Incident de démarrage

Dans le prétoire, Him Huy décrit sa vie entre 1970 et 1975 comme l’en a prié Nil Nonn. Le regard baissé, il détaille longuement sa biographie. Alain Werner est intrigué, il interrompt deux fois le récit pour savoir si le témoin lit un document. Le président s’étonne. Him Huy nie. Cependant l’huissier vérifie par acquis de conscience et attrape un épais dossier qui, après examen, n’est autre qu’un document qui lui a été remis la veille par le tribunal. L’incident est clos. Him Huy aurait bien du mal à lire avec fluidité, il a peu été à l’école et en a gardé cette habitude d’ânonner à voix haute comme les enfants qui apprennent à lire dans les écoles cambodgiennes.


S21 s’appelait S21

Le président Nil Nonn entre dans la vif du sujet par une question a priori anodine. « Quel était le nom de votre lieu de travail ? » « S21, dès le début » répond Him Huy sans une hésitation. Si les gardes parlaient de S21, pourquoi auraient-ils aussi évoqué l’école Toul Svay Prey ou l’école Toul Sleng comme en témoignait Lay Chan le 7 juillet 2009 pour justifier qu’il avait été incarcéré à S21 dont il avait plus tard été libéré dans des conditions étranges.
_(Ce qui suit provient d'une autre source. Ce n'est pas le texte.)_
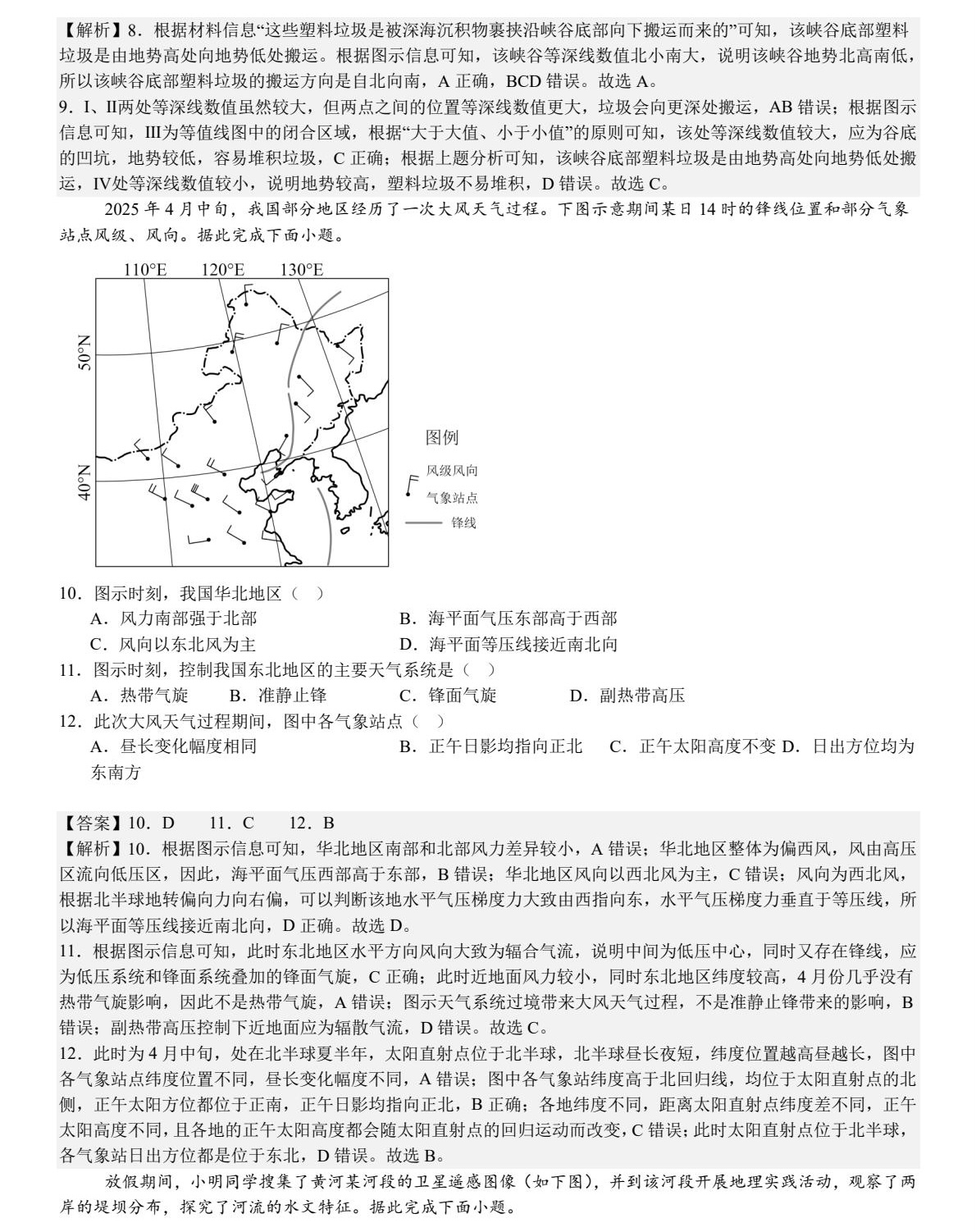 1758699855923962.jpg 2025河北新高考地理试卷真题及答案解析,附考点题型及分值分布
La hiérarchie à S21 est également évidente pour Him Huy. « Le directeur était Duch et Hor, Ta Hor était son adjoint. Frère Grand Huy [Huy Sraè] travaillait à Prey Sâr. » L’organisation relatée par le témoin correspond aux descriptions de l’accusé : « Les gens affectés à l’intérieur de l’enceinte n’étaient pas les mêmes qu’à l’extérieur. »
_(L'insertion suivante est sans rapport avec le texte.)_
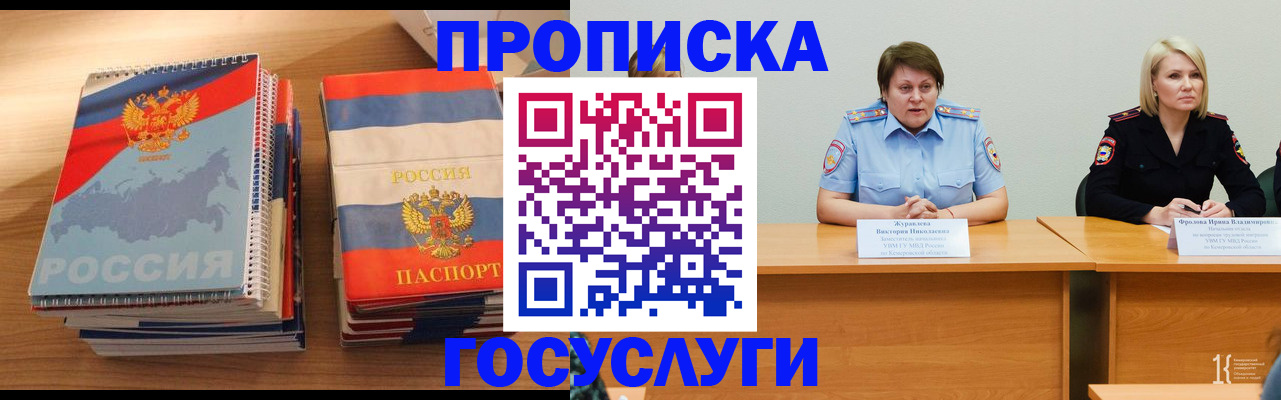 прописка от собственника в Нытве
Des conditions de détention conformes aux propos des survivants

Les conditions de détention des prisonniers sont conformes aux témoignages des survivants. Les femmes détenues sont enfermées dans des cellules collectives sans entraves ni menottes. Les hommes en cellules collectives sont lavés au tuyau d’arrosage. Les rations alimentaires sont d’une louche et demie à deux louches de bouillon clair par repas (« une soupe à base de bananier », précise Him Huy). Le témoin se souvient de la mauvaise odeur qui imprégnait les lieux pas assez nettoyés et des prisonniers qui réintégraient leur cellule avec des marques dans le dos. Him Huy énonce quand il le peut dans quel bâtiment étaient enfermés quels prisonniers sans prétendre à une connaissance exhaustive.
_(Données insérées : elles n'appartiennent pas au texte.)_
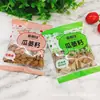 Semillas de Guapi Huixiang, Sabor Ciruela, Sabor Crema, Una Caja de 5 kg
La réception des prisonniers

A S21, les gardes n’avaient pas d’horaires de travail, ils travaillaient selon les besoins. Ils logeaient à leur poste, dans une maison qui se situe au niveau de l’actuelle radio Abeille (Sambok Khmoum), rue 360, une rue située au sud du musée du génocide, tout près du boulevard Monivong. De là ils surveillaient qu’aucun véhicule ne pénétrait dans le périmètre de S21. Quand ils étaient moins débordés, ils se consacraient à leur élevage de volailles.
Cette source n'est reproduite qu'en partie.